I remember saying to Dr Hassoun some years later, after we had met together many times, “I feel like I’ve known you all my life. I think, from the first, the Spirit of God in me recognised the Spirit of God in you”, and he smiled and nodded.

My friend, Dr Hassoun, the former Mufti – graciously wrote the introduction to my book, “Christians and Muslims can be friends”, and I think that came out of the conversation we had where I asked him, “how many Christians are there in Syria?” He said, “twenty-three million”. I was puzzled and asked him, “well, how many Muslims are there in Syria?” He said, “twenty-three million. We don’t discriminate.  I’m the Mufti of the Sunni, the Shia, the Christians, the Jews, and the Atheists too if they’ll have me”. That was the conversation as I remember it, anyway, and it was a response entirely consistent with the great man’s emphasis on equality and inclusivity. As he said in another interview with me, “When I speak to Christians, I speak to my brothers. When I speak to Jews, I speak to my cousins. When I speak to atheists, I speak to my fellow humans.”

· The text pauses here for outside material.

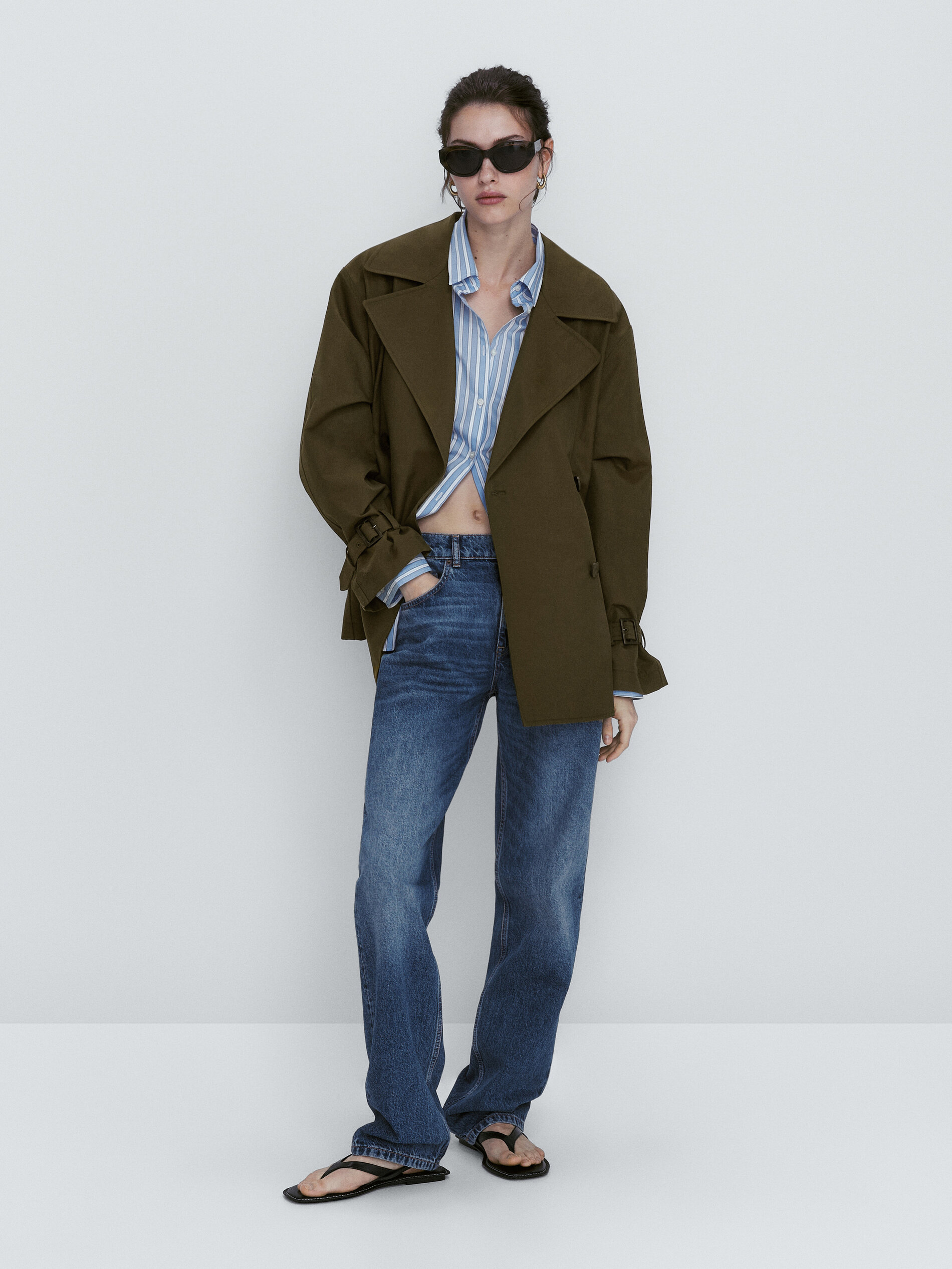 Chaqueta corta cruzada botones - KAKI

Of course, this emphasis on inclusivity is also the reason that Dr Hassoun has so many enemies. Those who are intent on dividing people – on separating the true believers from the unbelievers and the heretics (the ‘takfir’) – they see Dr Hassoun as public enemy number one.

I made nine trips to Syria between 2013 and 2019, and I was privileged to meet with Dr Hassoun on every one of those visits. I also had the privilege of introducing him to my wife, to one of my daughters, and to my son, whom he told me reminded me of his son, Sariya – the one who had been killed. I also introduced many of my friends to Dr Hassoun – other Christian priests, and members of my boxing troupe. Every one of those I was able to introduce him to came away with the same sense of awe, knowing that they had met a true man of God.

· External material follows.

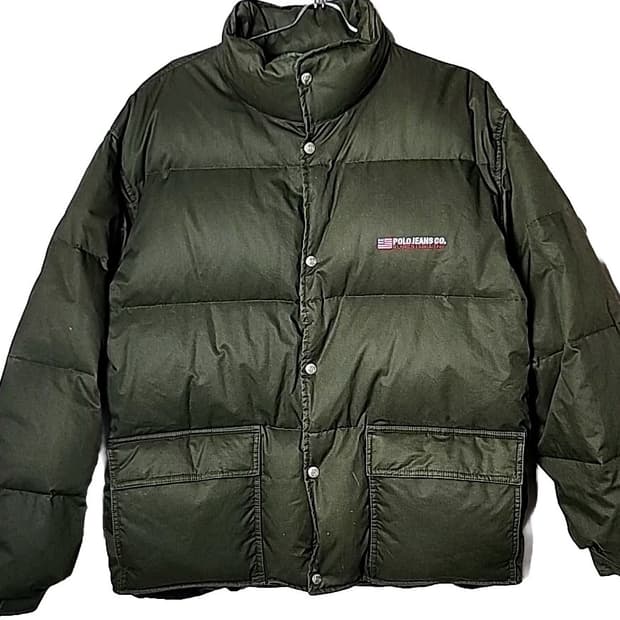 90s 폴로 진즈 컴퍼니 카키 그린 푸퍼 패딩 자켓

And now our dear brother is in prison, has been tortured, and, following in the path of the Lord Jesus Himself, is apparently soon to be put on trial, though I’m praying that this is where the parallels will end. ‘Be gracious, Lord God. Set this good man free!’

I do pray for my friend, Dr Hassoun. I’ve been praying for him every day since I first met him in 2013. I pray for him because I love him and also because I believe he is the beating heart of Syria. I would change places with him if I could as I don’t think this world, and the nation of Syria in particular, can afford to be without him right now.

Dr Hassoun has been accused of so many vile things – of putting out fatwas to have people killed and encouraging violence, yet this is the same man who is on record as saying, “I have never called for war. I have called for love – even for those who misunderstand us.” (The Independent)

People who make these accusations don’t know him. I interviewed him specifically on some of these questions and I’ve posted my interviews publicly. He told me plainly that he believes in the separation of church and state (so to speak) and these accusations are completely inconsistent with the man I know who would never use his clerical office to encourage violence. As he said in his speech to the EU Parliament back in 2008, “Religion must never be a sword”, It must be a bridge.”

Dr Hassoun is not a young man anymore. I think he’s now seventy-six. I told him last time we met that he didn’t look his age, and he told me that ‘loving people kept him young’. That’s the man I know –full of grace, love, and forgiveness.

Join me please in praying for former Grand Mufti Hassoun. I don’t believe our world can’t afford to lose him.

God of justice and compassion, you see what is hidden, and you hear the cries of those who are silenced. We lift before you Dr Ahmad Badr Aldin Hassoun.

May truth prevail with mercy. May Your justice break through the darkness. Comfort his family, protect his body and stir the hearts of those with power to act. Amen.